The messiness and monotony of parenting require extreme patience, and yelling at kids is far easier and more instinctive than pausing to react calmly. Yelling at your kids might feel like a release, or serve as a form of discipline. It can seem like yelling and screaming is the only way to get a kid’s attention. But it’s important to understand the psychological effects of yelling at a child, and why experts render it a less-than-optimal strategy.
As provocative as some behaviors may seem, little kids simply don’t have the emotional sophistication to fully understand adult frustration. Yelling at them won’t suddenly trigger their understanding, but it might in fact have some adverse psychological effect. Some, long-term, with the potential to change the way their brains develop and process information. As hard as it can be to resist the temptation to scream, ultimately, yelling at kids is deeply unhelpful.

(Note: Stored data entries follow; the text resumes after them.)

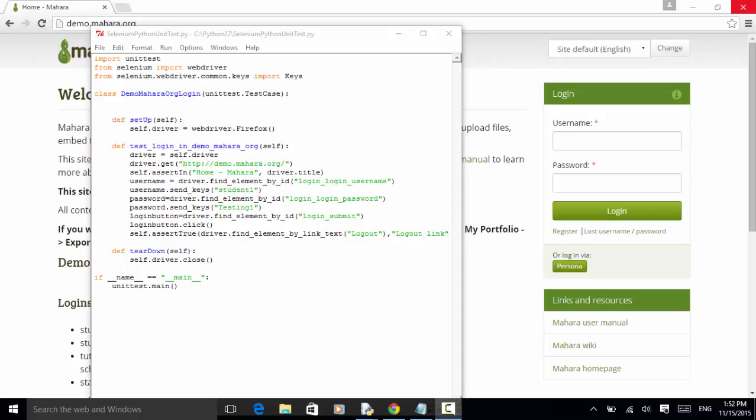Welcome to Selenium Master video tutorial. In this video tutorial, I will teach you how to write a simple unit test using Selenium Python WebDriver bindings.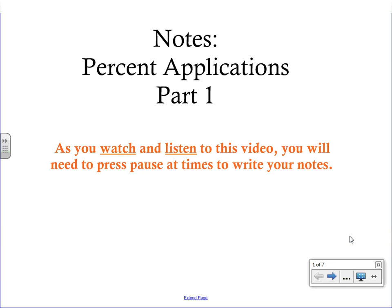Welcome to your video on percent applications. This is part one. There are lots of word problems that we're going to be working on with percentages, and part one is going to be connected more to formulas that you may be familiar with.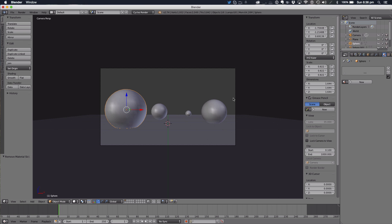Hello ladies and gentlemen and welcome back to another Blender graphics tutorial. Today in this tutorial we'll be learning how to link materials between objects.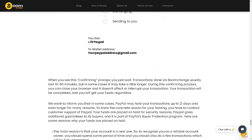During the confirming process, just wait — transactions via Boom Change usually last 10 to 60 minutes, but in some cases it may take a little longer. You can close your browser during this process and it won't affect or interrupt your transaction. Your transaction will be completed and you will receive your funds regardless.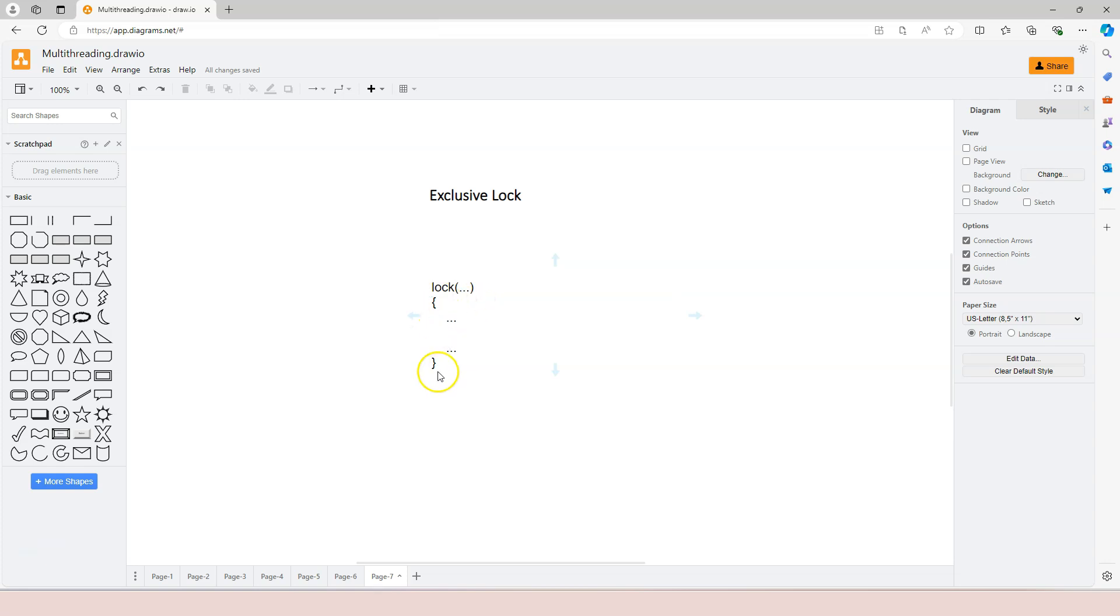And then you use curly braces to surround the critical section. We call everything within the curly braces the body of the lock. So everything that is within the body of the lock is usually the critical section.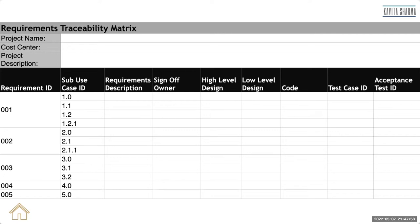Requirement traceability metrics is used for waterfall projects, for projects which are big in nature, for projects which are predictive in nature.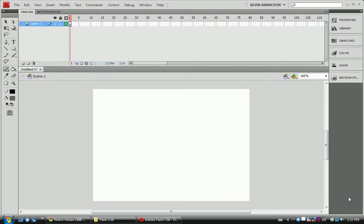Hello and welcome to your next tutorial in the Flash CS4 series. Today's tutorial is going to be on Motion Presets.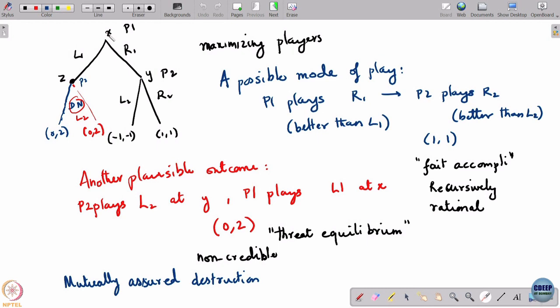First is: what is the information you have at the start of the game? At the start of the game, both players know the tree — that is common knowledge. They also know what each player would know during game play, and that is another piece of information. The information players would acquire during game play is another thing altogether.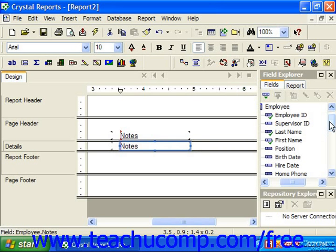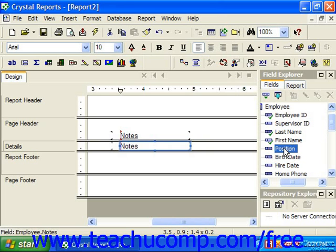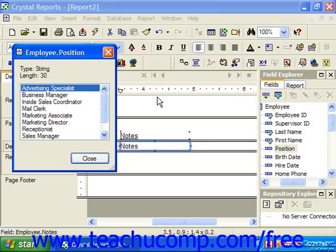Sometimes you would like to see the data contained within a field which you are intending to place into the report design view. You can select the name of a field within the field explorer pane and then click the browse button located in the toolbar at the top of the field explorer to display the data in a separate browsing window.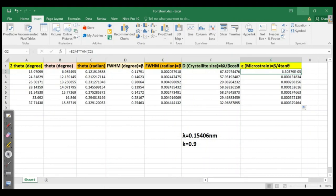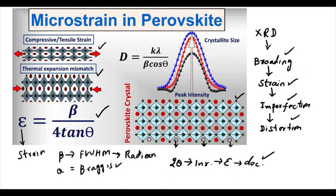This was all about the microstrain of the perovskite sample, which can be calculated by many approaches, but this one uses the XRD values. Thank you so much for watching. If you have any questions, let me know in the comments. See you later.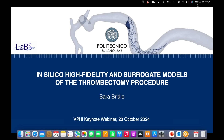Good morning everybody, welcome to this webinar. Let me introduce Dr. Sarah Bridio, a former researcher at Politecnico di Milano, now working as a researcher at the European Commission's General Research Center on computational modeling in biomedical research. Sarah is here as the winner of the VPHI Best Thesis Award, and she will discuss her PhD research on in silico fidelity and surrogate models of the thrombectomy procedure for acute ischemic stroke treatment.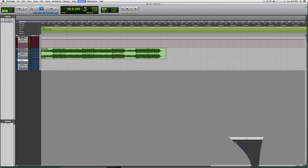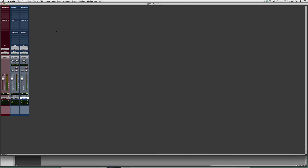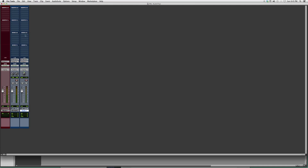Basically, what you're going to do is go into Pro Tools, go into your mix screen, and go down to sends. Right here it only opens A to E — there's only five. So let's say you need more than five: you're going to right-click sends A to E, go down, and click on sends F to J. It's going to give you five extra sends.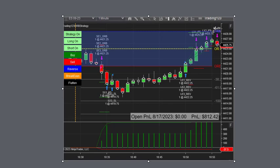This time we hit our profit targets nicely. We came just shy of our goal — I think it was $850 — and we get $812.42 profit. Here's the profit meter going, going, going, and then zoom, up it goes on a nice reversal.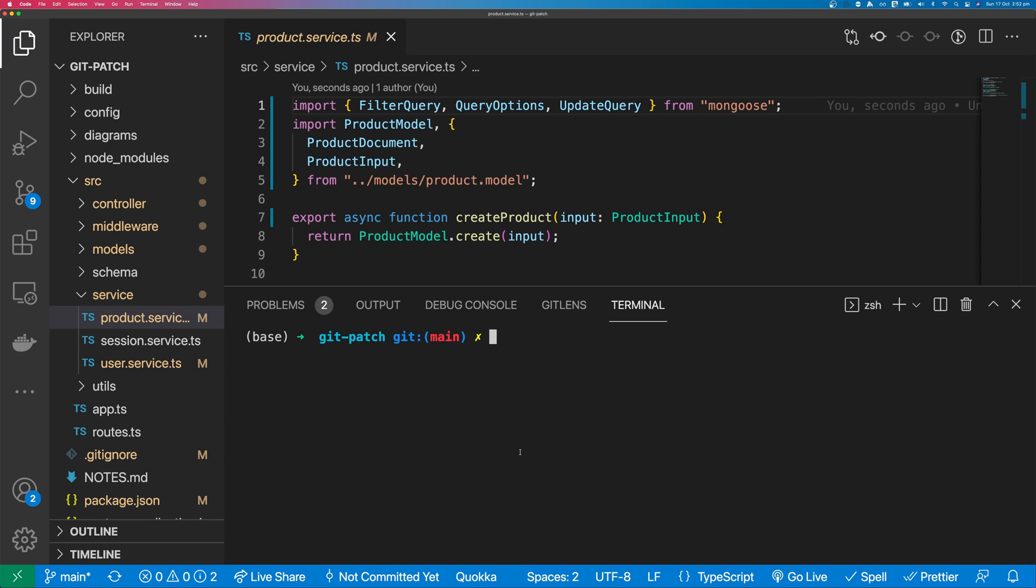A great way to distribute just a few changes to a code base is with a patch. In this video, I'm going to show you how you can quickly and easily create a patch with Git.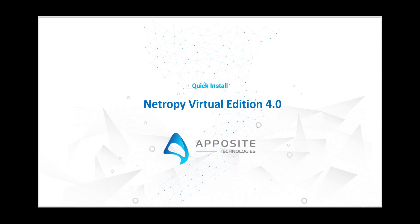Hi guys, Cade Nelson here with Apposite Technologies making a quick little video on how to install Netropy VE 4.0 on ESXi 6.5.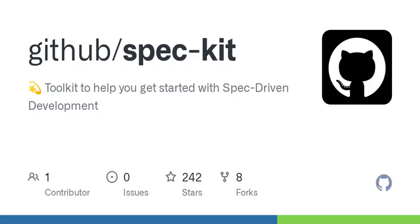I can't wait to see how this evolves. But here, that's another thought. What if it changes how we teach coding? That's a fascinating angle. Teaching specs as part of coding education could encourage clearer thinking from the start. It might lead to a whole new generation of developers who are more design-focused, rather than just code executors.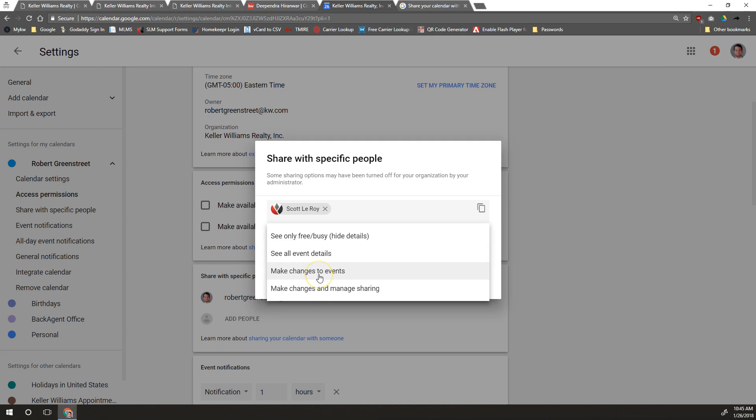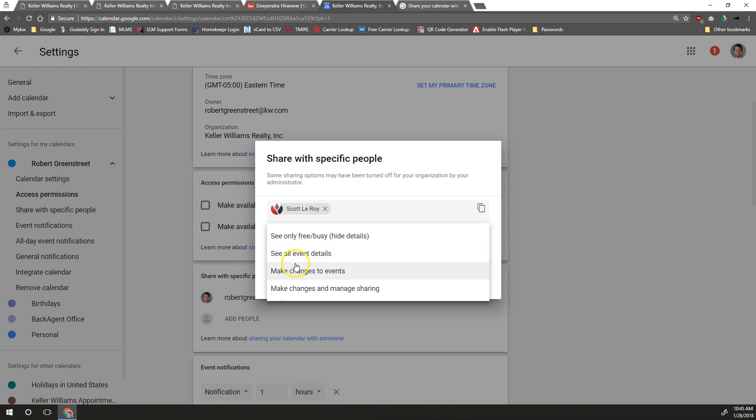They can make changes to that event if you want them to. They can change the name, change the time, change the details, change who's going, and then make changes and manage sharing. So you can share this calendar with someone, and then if you do this option, they can then share that calendar with someone else. In most cases, you usually just want to do see all event details.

According to Dr. Laura Markham, founder of Aha! Parenting and author of Peaceful Parent, Happy Kids: How to Stop Yelling and Start Connecting, yelling is a parenting “technique” we can do without. Thankfully, she has some anti-yelling rules to remember, and some tips for helping us learn how to stop yelling at our kids, no matter how frustrated we may feel in the moment.
Yelling at Kids Is Never Communicating
Nobody (except for a small percentage of sadists) enjoys being yelled at. So why would kids? “When parents start yelling at kids, they acquiesce on the outside, but the child isn’t more open to your influence, they’re less so,” says Dr. Markham. Younger kids and toddlers may bawl; older kids will get a glazed-over look — but both are shutting down instead of listening. That’s not communication. Yelling at kids might get them to stop what they’re doing, but you’re not likely to get through to them when your voice is raised. In short, yelling at kids doesn’t work.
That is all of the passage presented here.